Stephanie Harris-Yee: 4:43
Yeah. As a follow-up question, how did you update the TM? Was that all on the internal manual side of things, or did you utilize AI as well to just scan and update some things there? How did that process work?
Pavel Riazanov: 4:56
Oh, that’s interesting. Yes, I did. Actually, I performed surface linguistic research on the differences between the dialects, and then I collected some data from open resources, and of course, I also consulted some uh native speakers, and and then I just uh used AI to do the transformation to implement the relevant changes to the existing TMX file. Then I had that reviewed as well, and only that I uploaded that to LMS and launched the pre-population. So it worked perfectly well. Wow. Maybe with minor inaccuracies that we could tweak later, but yeah, it actually was super fast, and as I said, it did like 70% of the of the work.
Stephanie Harris-Yee: 5:36
That’s amazing. That’s very, very cool. Okay, so if someone is in the same place that you were at, so they’re looking to change, update their workflows, etc., what is one thing, or or two things if you have them? One thing that you would recommend someone in the same situation definitely do.
Pavel Riazanov: 5:54
I would say do not start with tools. Okay, so first of all, start with clarity. Okay, before you just rush and introduce AI or reinvent a workflow, you have to get very clear on what problem you’re solving, who the audience is, and what kind of language you’re working with. That’s super important because understanding the language itself is crucial. Because some languages are highly context-dependent or morphologically complex. And while AI has been producing impressive results, like in recent months, I’m not even saying years, months.

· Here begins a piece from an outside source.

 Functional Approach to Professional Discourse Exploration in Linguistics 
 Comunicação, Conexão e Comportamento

You have to be careful because for certain linguistic structures, you can’t just go all in. You need to test it in small batches, validate quality, and only then you can consider scaling.

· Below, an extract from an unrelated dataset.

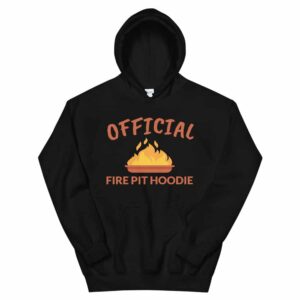 Official Fire Pit Hoodie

Finally, invest in your linguists and reviewers. Okay, AI can accelerate processes, but it cannot replace cultural intuition and nuance. Okay, so for years I’ve been hearing that companies that are developing AI for localization have been intimidating the linguist that your time has come, it’s it’s time for you to go home because AI is coming to replace you. That’s not the case yet. And I can say that as a linguist myself.
Stephanie Harris-Yee: 7:02
Nice. So, what’s next for you? You started implementing AI in these types of areas, you have a good workflow. What’s in the future for you this coming year?
Pavel Riazanov: 7:11
Actually, I’m in the middle of restructuring the entire workflow of how my department is working. We’re planning on a lot of new languages next year, like a lot of new languages next year. And we’re entering a really exciting phase in localization. AI isn’t here to replace us, it’s here to remove the repetitive parts of the job so that we can focus on the strategic ones, how we shape the experiences, how we elevate quality, how we represent users more authentically. And one final thought is that the future belongs to localization teams that are adaptable and collaborative, which makes change not an a one-time event anymore. Okay, it’s not an event, it’s a skill. And the more comfortable we get with it, the more impactful our our work becomes.
Stephanie Harris-Yee: 8:02
Amazing. Okay, well, thank you, Pavel. This has been very, very interesting, and I’m so glad we had a chance to chat.
Pavel Riazanov: 8:09
Yeah, likewise, I really enjoyed that.